■ EXERCISE BRIEF ■
Extract the stretch of lines that starts at the line with "کتاب Hacks اثر" and ends at the last line of the data below. Give it exactly, without pictures.

■ COLLECTED DATA ■
[Start of section]
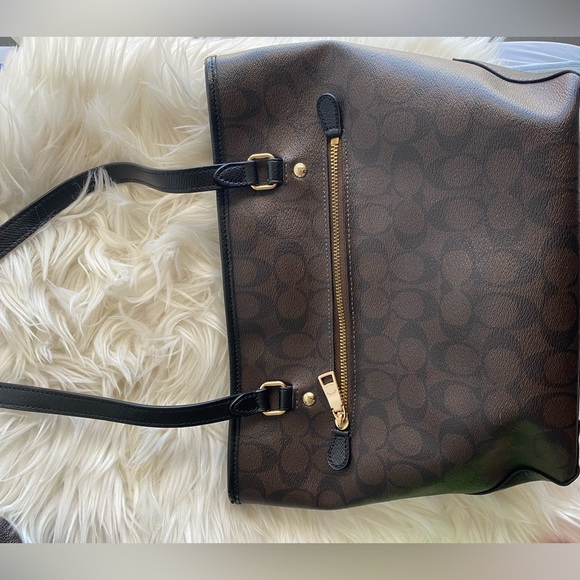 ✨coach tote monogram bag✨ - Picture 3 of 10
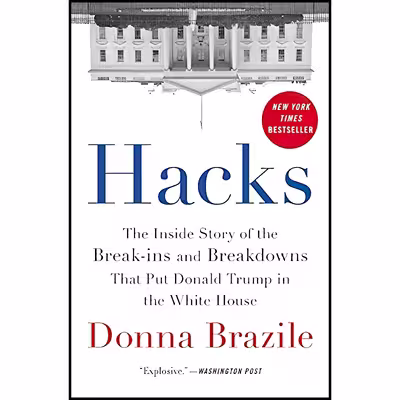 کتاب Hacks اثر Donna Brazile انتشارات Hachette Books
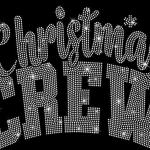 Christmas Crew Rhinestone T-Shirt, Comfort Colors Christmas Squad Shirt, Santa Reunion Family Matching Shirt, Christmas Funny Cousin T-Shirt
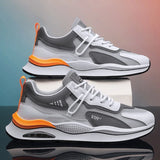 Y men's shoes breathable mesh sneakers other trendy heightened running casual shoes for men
[End of section]
■ RESULT OF THIS TASK ■
 کتاب Hacks اثر Donna Brazile انتشارات Hachette Books
 Christmas Crew Rhinestone T-Shirt, Comfort Colors Christmas Squad Shirt, Santa Reunion Family Matching Shirt, Christmas Funny Cousin T-Shirt
 Y men's shoes breathable mesh sneakers other trendy heightened running casual shoes for men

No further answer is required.